┌────────
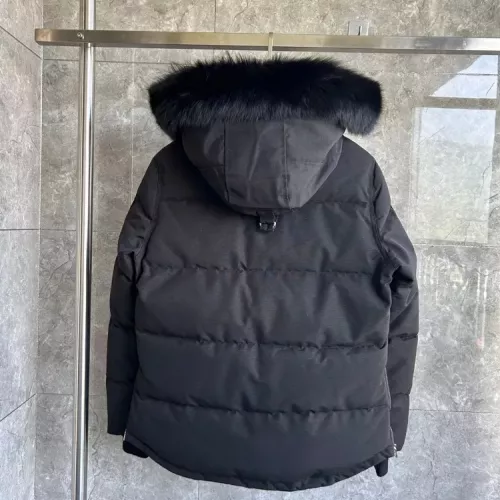 Replica Moose Knuckles Down Feather Coat Long Sleeved For Women #1364581 $190.00 USD for Wholesale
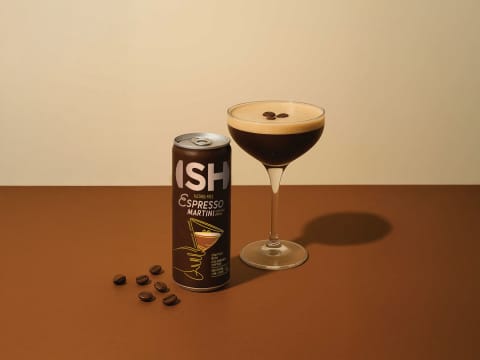 ISH Espresso Cocktail Alcohol free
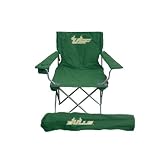South Florida Bulls NCCA Ultimate Adult Tailgate Chair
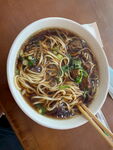 红味牛肉面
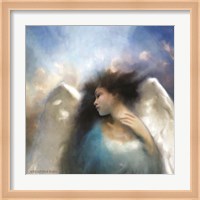 Reverie of an Angel Fine Art Print
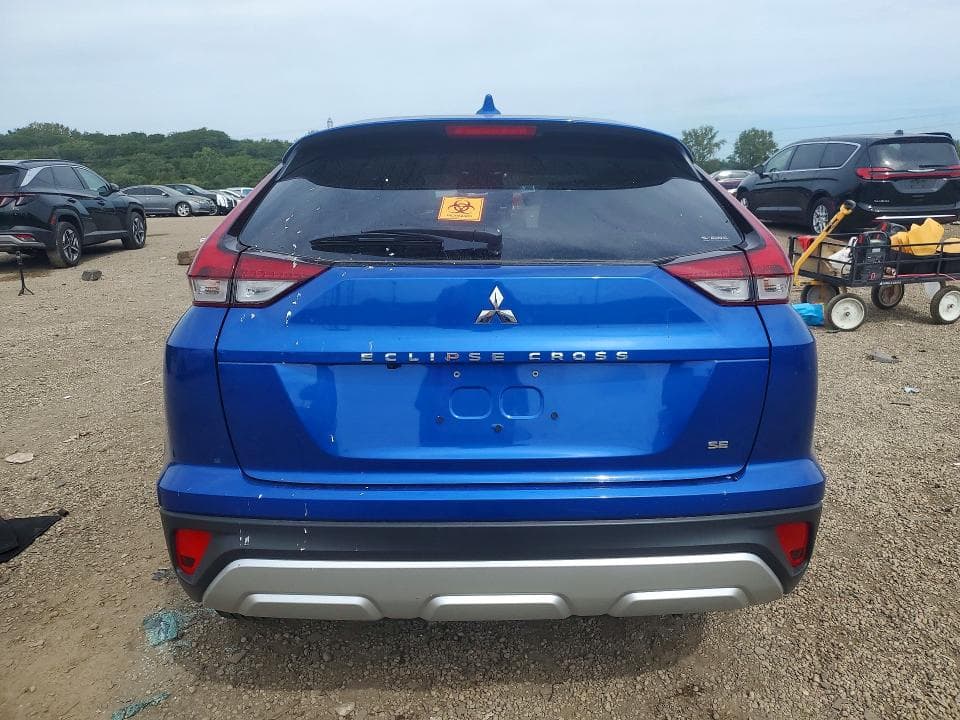 2026 MITSUBISHI ECLIPSE CROSS SE 6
└────────
**Exercise directions:** The entries above need to be printed again exactly; please exclude all pictures.

**Solution:**
 Replica Moose Knuckles Down Feather Coat Long Sleeved For Women #1364581 $190.00 USD for Wholesale
 ISH Espresso Cocktail Alcohol free
South Florida Bulls NCCA Ultimate Adult Tailgate Chair
 红味牛肉面
 Reverie of an Angel Fine Art Print
 2026 MITSUBISHI ECLIPSE CROSS SE 6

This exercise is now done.